Les choses se sont vraiment bien passées après. Ma vie s’est grandement améliorée. J’ai quitté la ville où j’habitais et un emploi que j’avais depuis dix ans et qui était en train de me tuer émotionnellement. J’ai déménagé dans un autre État. J’ai un bien meilleur emploi que j’adore. J’ai rencontré une fille avec qui je suis depuis un an et demi, et c’est la meilleure chose qui me soit arrivée dans la vie. Je suis beaucoup plus heureux que j’aurais pu l’imaginer avant. Et c’est grâce à ce moment où ma vie a été en jeu et à travers lequel je suis passé. Manger mon pied a été un moyen drôle, étrange et intéressant d’aller de l’avant.

C’était il y a deux ans. Pourquoi avez-vous décidé de raconter l’histoire après autant de temps?
C’est une histoire que vous pouvez raconter aux gens qui vous connaissent bien, mais les autres en général vous trouvent dégoûtant. Ça m’a pris du temps avant d’être à l’aise de la raconter. Maintenant, elle circule. Je l’ai racontée sur Reddit parce que c’est plutôt anonyme. J’aime les choses ahurissantes que le monde publie là, et je me suis dit que c’était une façon de redonner à cette communauté. Ce que j’ai fait n’était pas illégal. Je n’ai pas vendu ma jambe. Je ne l’ai pas fait manger à des gens sans leur consentement. Elle était à moi. On n’a trouvé aucune vraie loi contre ça. Alors je ne m’inquiète pas des conséquences juridiques. Mais je ne veux pas que le monde entier me voie comme un cannibale . Ça ne me représente pas réellement.
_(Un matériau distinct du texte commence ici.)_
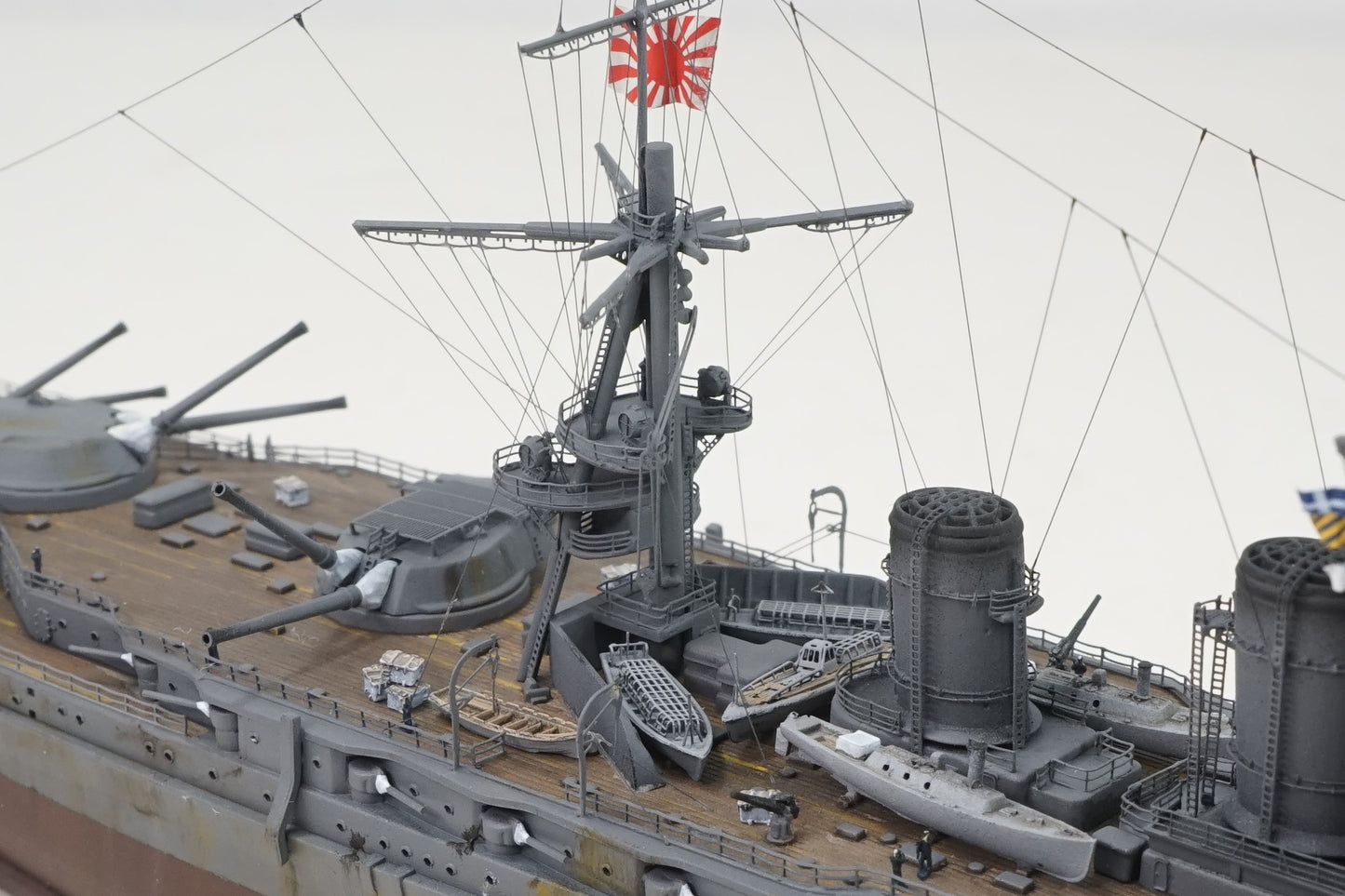 1:700 IJN Battlecruiser Akagi, Fertiges Modell mit Vitrine, Finished model with a Display case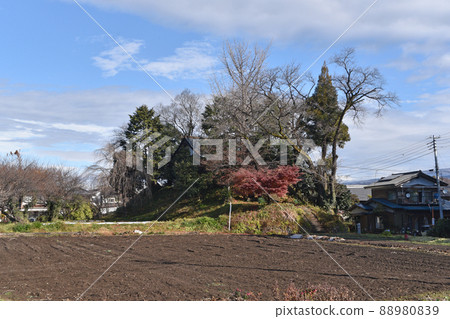 白井城遺址 久留和北部殘存的城山不動 88980839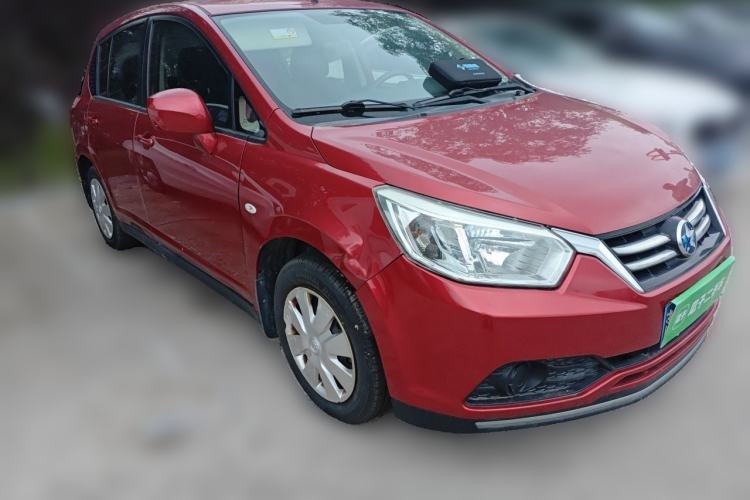 Used Venucia R50 2015 1.6L Manual Fashion Edition Front Right 45 Deg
Est-ce que cette épreuve a changé votre perception du cannibalisme?
On l’associe aux sociétés qu’on juge primitives, sinon aux situations dans lesquelles des personnes ont été forcées de le faire pour survivre. C’est considéré comme barbare, alors les gens se demandent pourquoi je l’ai fait. Mais des gens mangent le placenta après l’accouchement. Pour moi, c’est du cannibalisme.

Je pense qu’un cannibalisme éthique est possible dans certaines situations. Je n’ai pas envie de chasser des gens et de bouffer leur face. C’était la seule occasion que j’avais de vivre une expérience unique d’une façon saine et éthique. Je l’ai fait, et c’était cool et amusant. Et ça fait une bonne histoire.

Cette entrevue a été légèrement abrégée par souci de clarté et de concision.